These are chat archives for atomix/atomix

Jan 2018
Johno Crawford
Jan 03 2018 00:46
@kuujo only six more ;)
Jordan Halterman
Jan 03 2018 01:32

If you have three nodes and want to add a fourth, just start the fourth with the first 3 nodes as the bootstrap nodes. The new configuration will be replicated and existing partitions will be automatically rebalanced. That’s what the test I added does. The only caveat is that the number of Raft partitions cannot change, which is what’s broken here.

The first two are opposed to each other. If we replicate the number of partitions, then the number of partitions is essentially based on the initial cluster configuration. If you start a three node cluster with three partitions, then adding a fourth won’t change the number of partitions and the user doesn’t have to worry about the configuration so much. Alternatively, if the number of partitions is a required configuration that’s not based on the initial cluster configuration, then it’s the responsibility of the user to ensure all the nodes are configured with the same number of partitions.

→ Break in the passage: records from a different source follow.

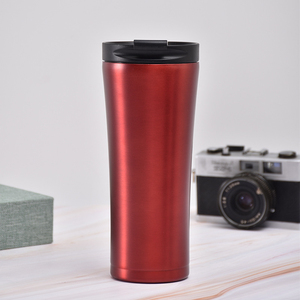 Custom Logo 17oz Stainless Steel Vacuum Insulated Slim Travel Tumbler with Leakproof Lid <b>Double</b> <b>Wall</b> Coffee <b>Mug</b> - Product Image 1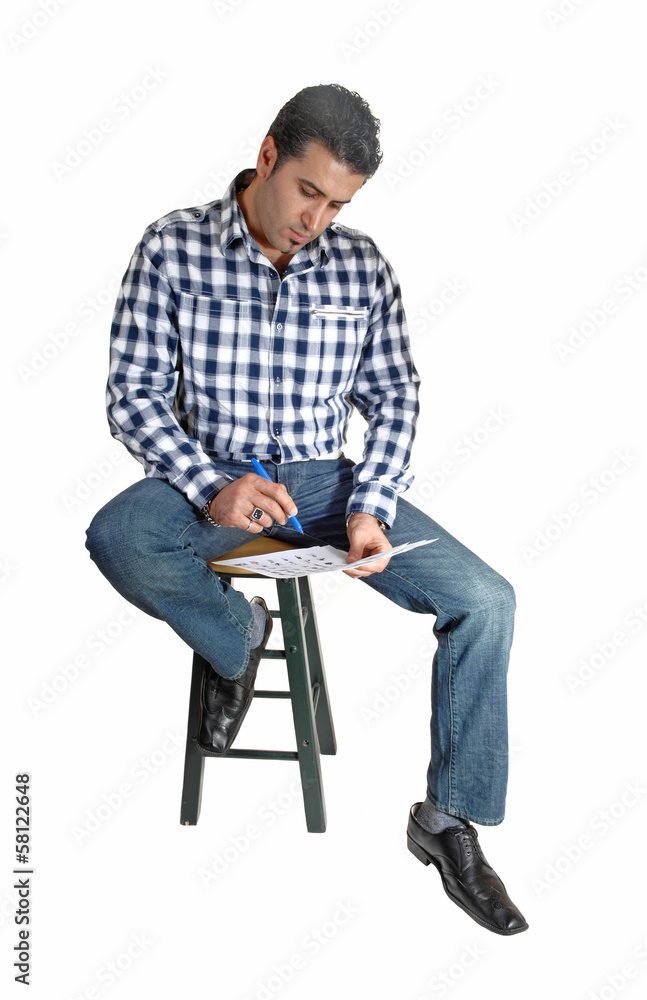 Thinking young man. Thinking young man.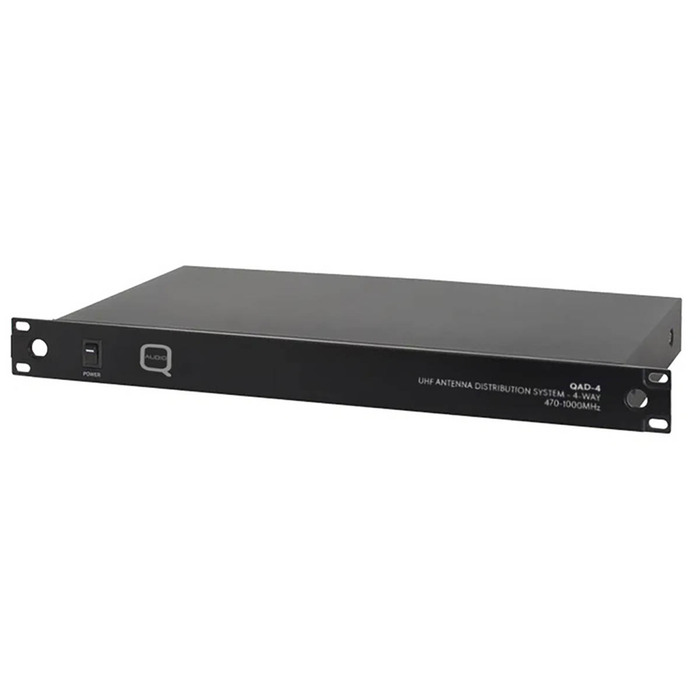 Q-Audio QAD-4 Wireless Microphone Antenna Distribution 4 way 1U 19" rack Mountable BNC Connections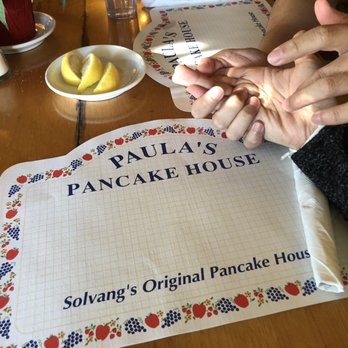 Paula's Pancake House - The table mat - Breakfast & Brunch Near Me - Solvang, California Paula's Pancake House - The table mat - Breakfast & Brunch Near Me - Solvang, California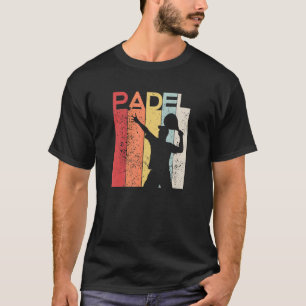 Padel Man Padel Racquet Retro T-shirt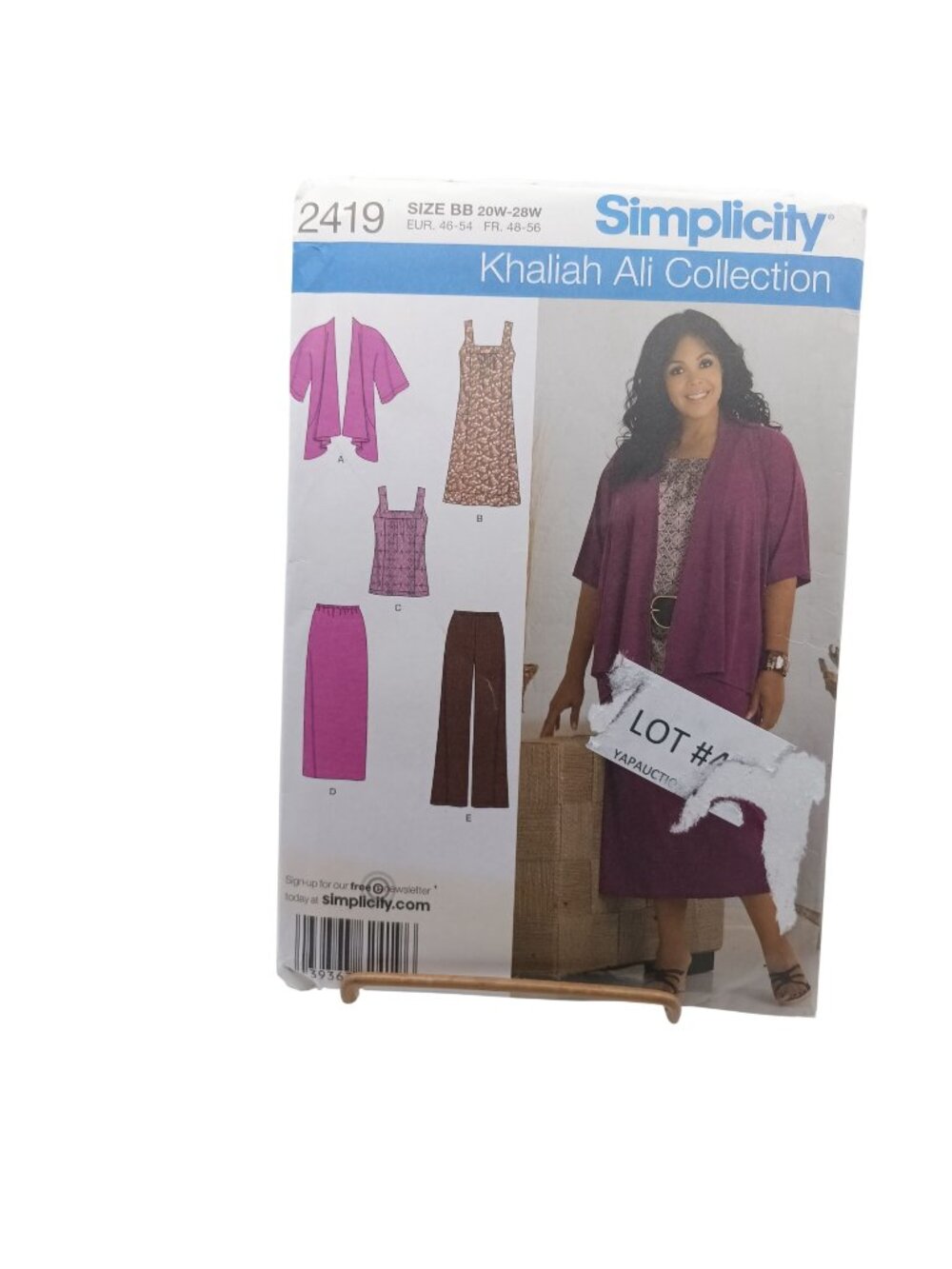 UNCUT Simplicity Khaliah Ali Collection Pattern 2419 Misses Plus Size BB 20W-28W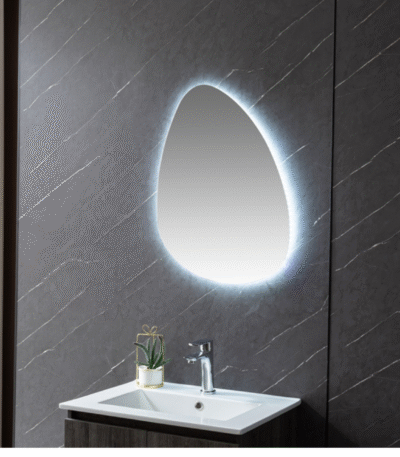 مرايا ليد بإضاءة أنيقة من دولفي LD006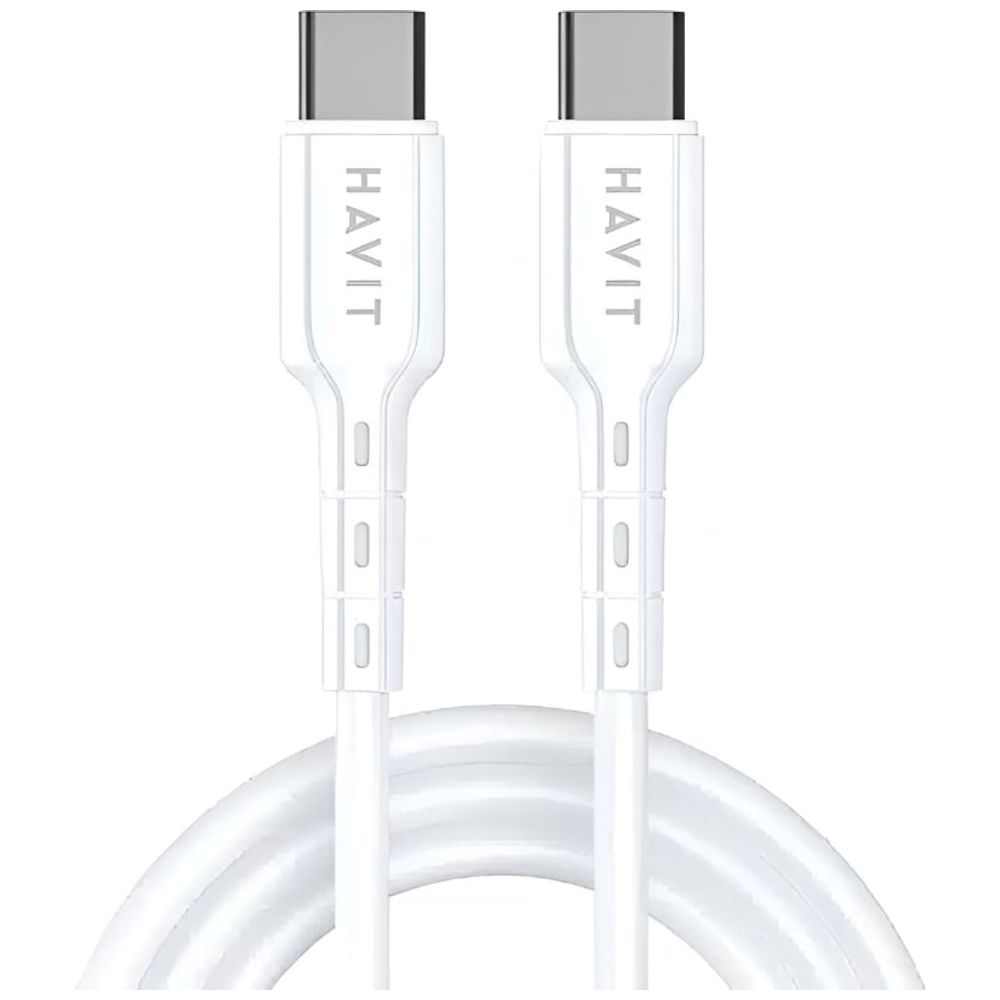Havit Havit CB6235 - Cable USB-C To USB-C - 1 m - 60W - White 1 m, 60W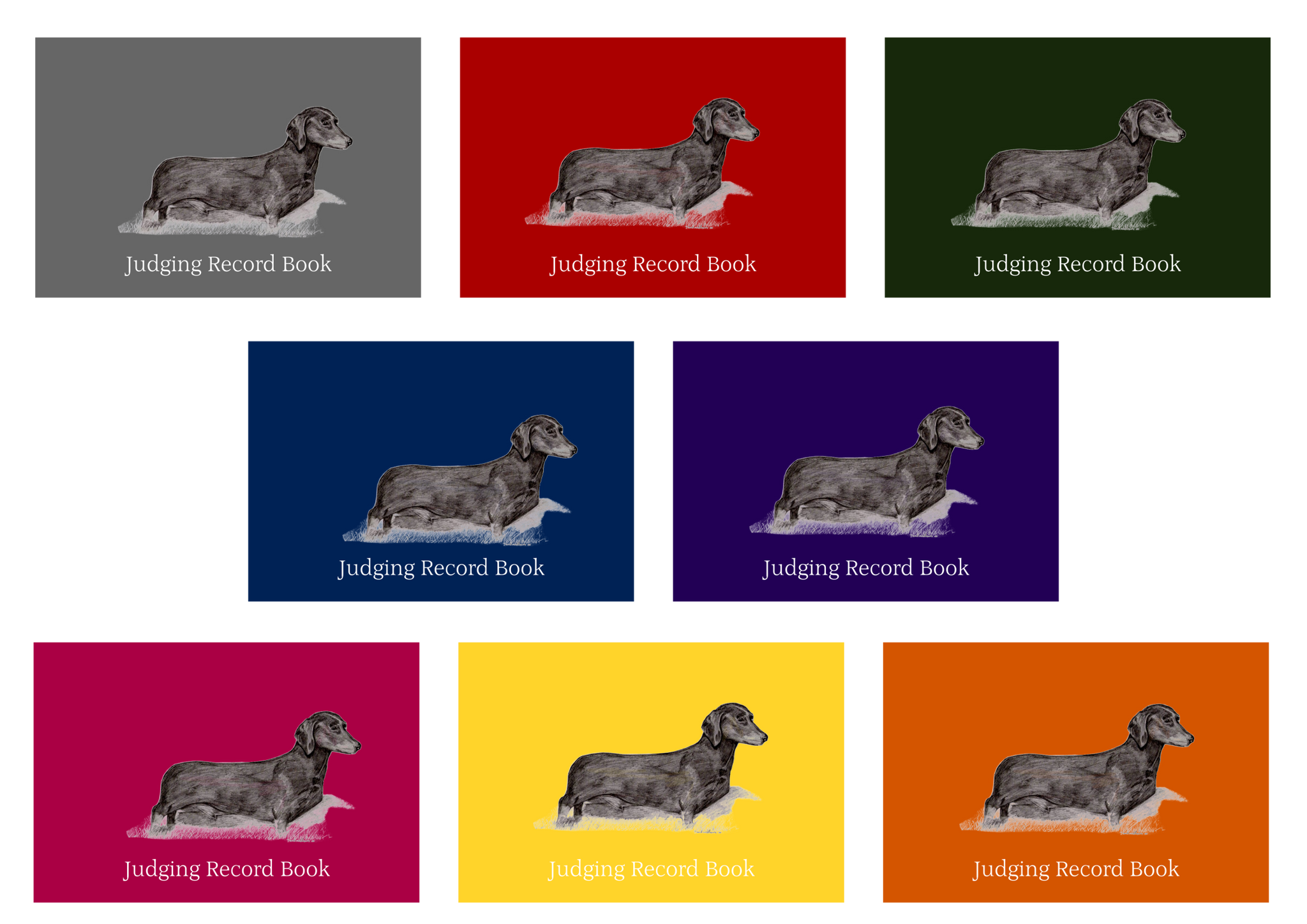 Dachshund S/H Dog Show Judging Record Book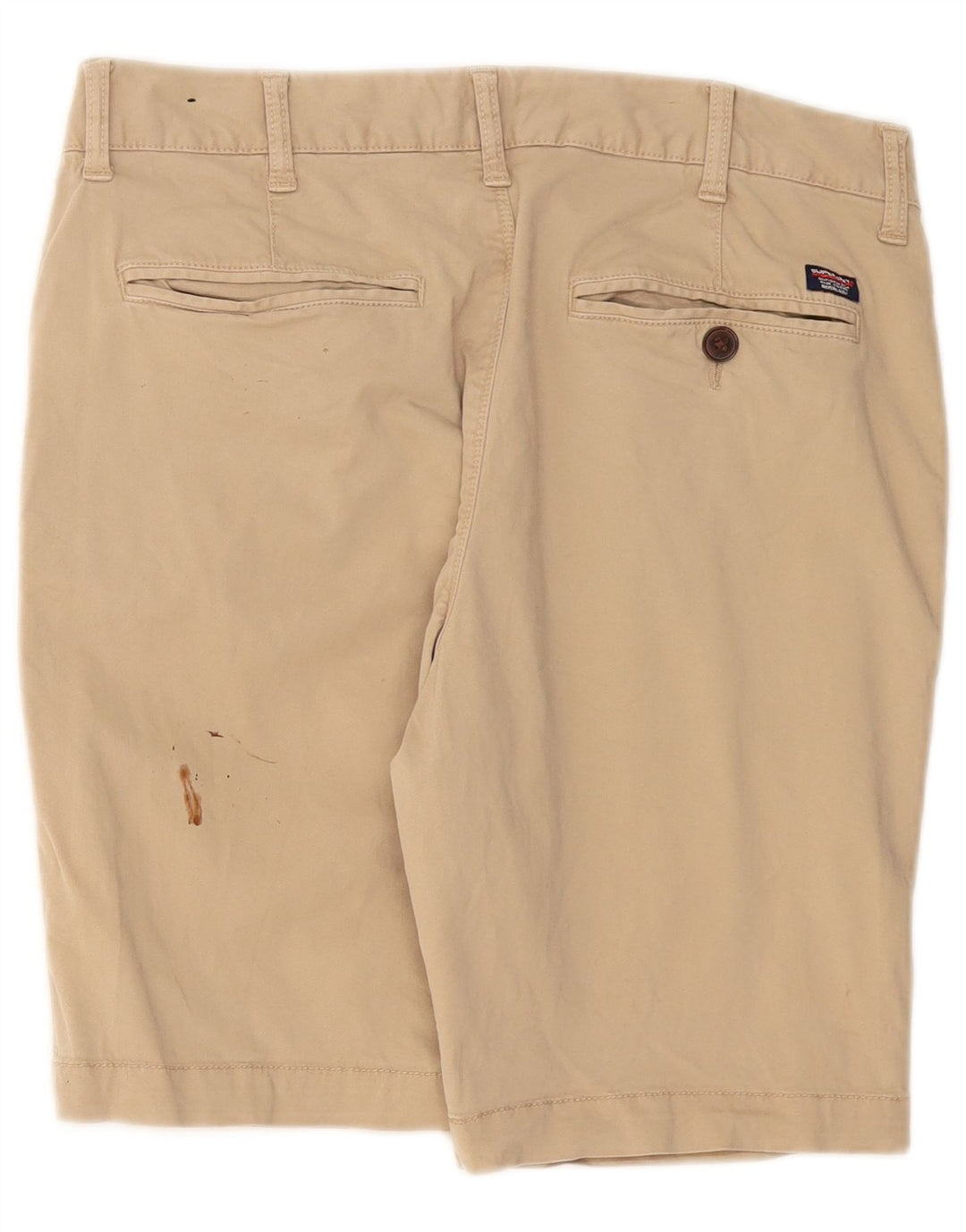 Superdry Chino Shorts til mænd W32 Medium Beige Bomuld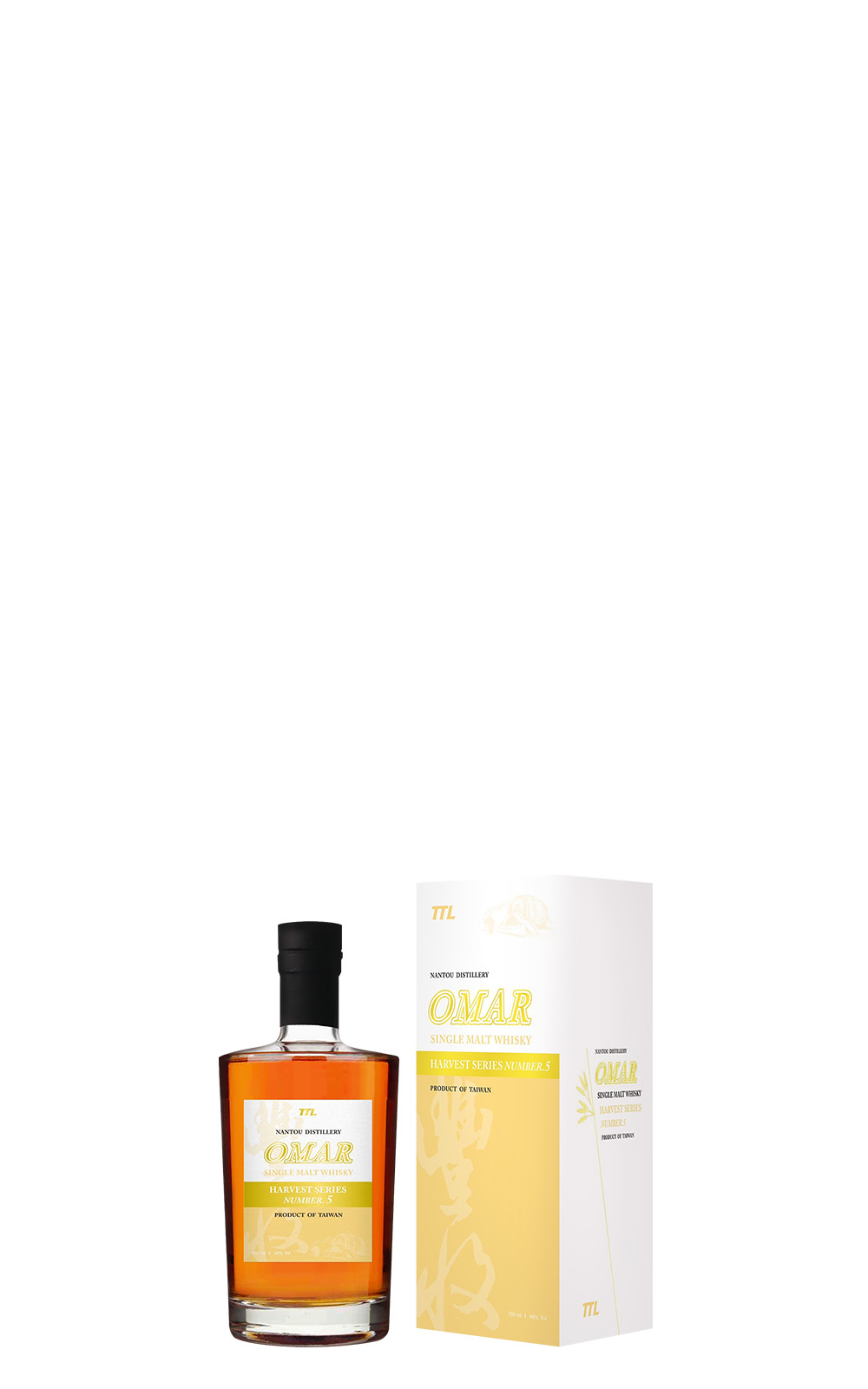 Nantou Distillery Omar Harvest Series No 5 Single Malt Whisky 南投酒廠 Omar 豐收系列 5號 單一麥芽威士忌 附提袋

I think what may make sense is this:
• The number of Raft partitions should be replicated in the cluster metadata
• In order to support the use case where a single node is used to bootstrap a larger cluster, the default number of partitions for a 1-node cluster should be > 1
• But the number of partitions for a >1-node cluster should be n*2 unless otherwise specified

This allows a cluster to be bootstrapped from a single node without creating a single-partition cluster, allows the number of partitions to be customized, and prevent partition configurations in new nodes from conflicting with the actual number of partitions, which is the problem with manual configuration

I guess the difference between the two is the difference between the system ensuring there’s a consistent number of partitions and the user ensuring there is. But it can be a mixture of both: the user can specify partitions initially and the system can enforce the number of partitions when nodes are added
Johno Crawford
Jan 03 2018 01:40
Makes sense, sounds like a good approach to me.
Paweł Kamiński
Jan 03 2018 10:58
@kuujo so I understand this explains why nodes added later to cluster with defaults hang on start? could atomix at least throw some exception with detail message why it cannot join? I guess such cases where new nodes come with different config will be very common as users learn how to configure the cluster and shutting down whole cluster to change something is lame!
Paweł Kamiński
Jan 03 2018 11:06
in perfect world it would be great that atomix verify (potentially changed) configuration (of joining node) against running cluster and fails if something is misconfigured
Johno Crawford
Jan 03 2018 11:39
@pawel-kaminski-krk I think that should be dealt with when adding support for re-partitioning, once atomix/atomix#374 is pulled in it should be pretty solid.